How gorgeous! I soooooo have to try this! Does it still taste like 'kraut??


----------



## Badger (Apr 30, 2013)

Shredded Cabbage, it's not just a good idea, it's the slaw.


----------



## Smee (Apr 30, 2013)

Badger said:


> Shredded Cabbage, it's not just a good idea, it's the slaw.




:crazy:

aarrggghhhh  
Pun Alert Pun Alert
BANG.HEAD.ON.DESK


----------



## AngelMomma (Apr 30, 2013)

Smee said:


> How gorgeous! I soooooo have to try this!
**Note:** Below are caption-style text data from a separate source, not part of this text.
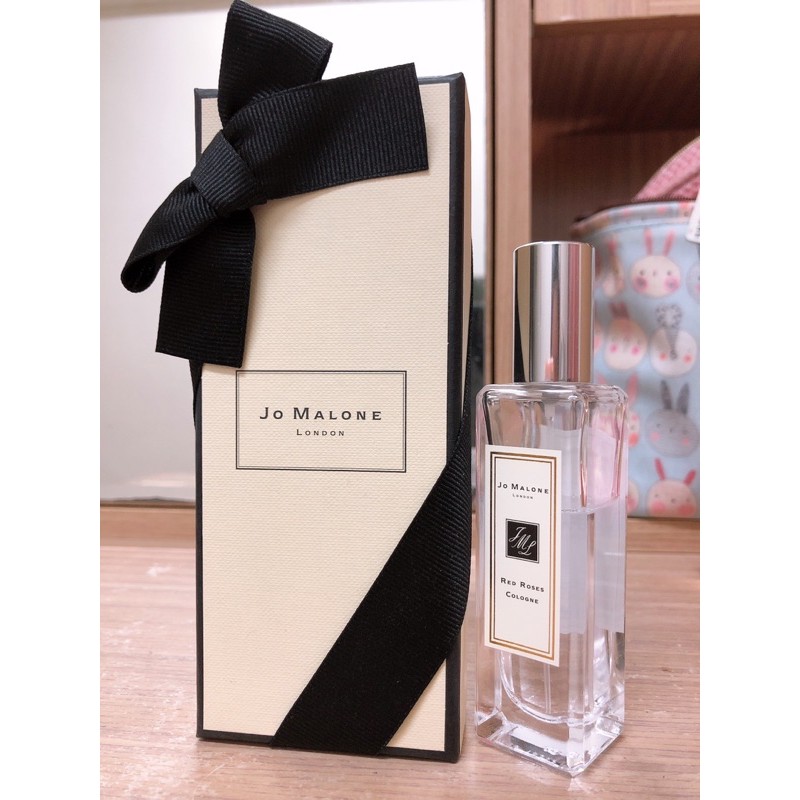 Jo Malone 紅玫瑰香水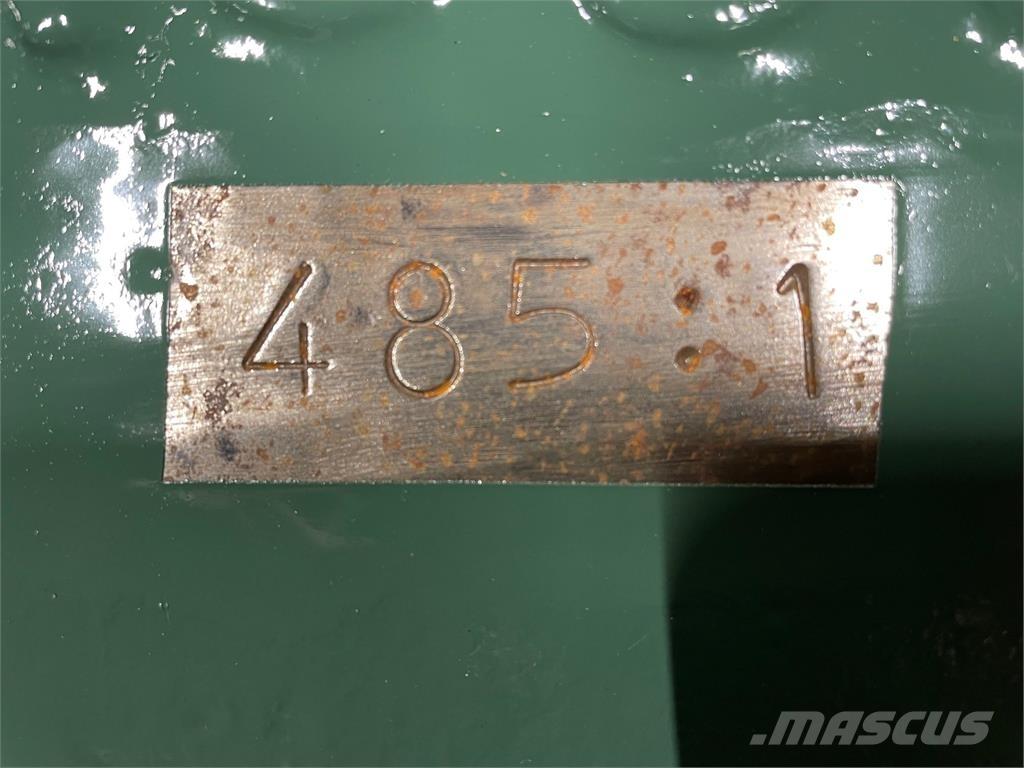 FLS gear type GK3662 Menjači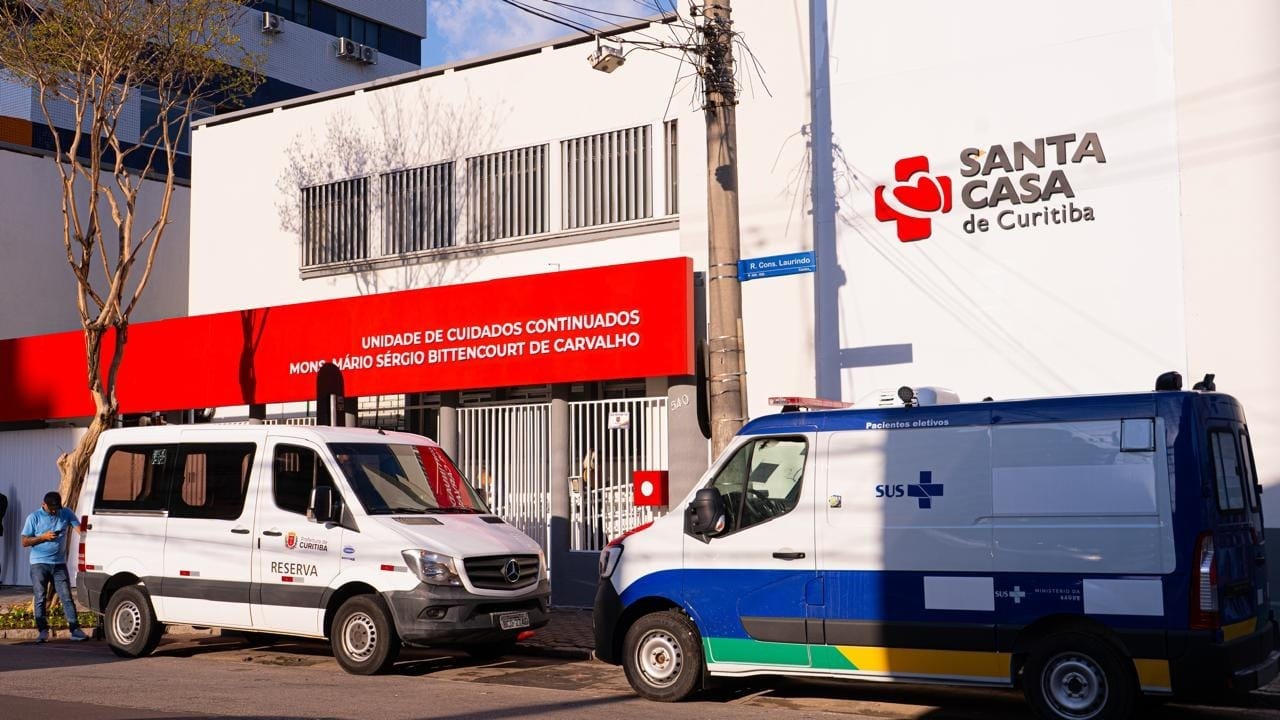Curitiba ganha unidade de cuidados continuados para pacientes do SUS - QTU Questões do Universo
Does it still taste like 'kraut??


 
If your eyes are closed and you eat it, it tastes just the same.  Otherwise the color kind of throws me off.......I'm just not used to purple kraut and I expect it to taste different because of the different looks!  Guess I will get used to it, LOL!:roll:  I really love how pretty it is.  It took about 3 days for the color to saturate the liquid.


----------



## AngelMomma (Apr 30, 2013)

http://www.freshpreserving.com/recipe.aspx?r=147

this is the recipe I use.


----------



## Smee (Apr 30, 2013)

Thank You!


----------



## sciboy (Apr 30, 2013)

Smee said:


> Finally, tonight, I caved.  It was really good!  Rather mild compared to
> the canned stuff I've been eating for years, but still, not bad.
> .



I used to make it and it would be mild.  I always liked to eat it uncooked in salads.  That is really the healthiest way to eat it too.  You get all of the good bacteria


----------



## Nobellius (Apr 30, 2013)

Sooooo... wait. You just leave it sit on the counter and Voila! It turns into kraut?


----------



## AngelMomma (May 1, 2013)

sciboy said:


> I used to make it and it would be mild.  I always liked to eat it uncooked in salads.  That is really the healthiest way to eat it too.  You get all of the good bacteria


 
Oh that sounds like a nice way to eat it. I will try that.  We are trying to put more of these fermented items in our family menu.  I have either an intolerance/allergy to gluten or Celiac.  So eating these kinds of foods helps me feel BETTER!  Lol.  I wonder how long one could keep the finished kraut in the fridge.....hmmm.  Its just that the batch I make (which fits into that nice big glass crock) is so big.  We love the benefits as well as just loving to eat it so I would hate for part of it to go bad.  Mine is mild also.  Which my husband commented on the first time we made.  Then we looked at the ingredients on the store bought stuff.  I can't remember now what it was but they add "Stuff":think: to make it more sour. 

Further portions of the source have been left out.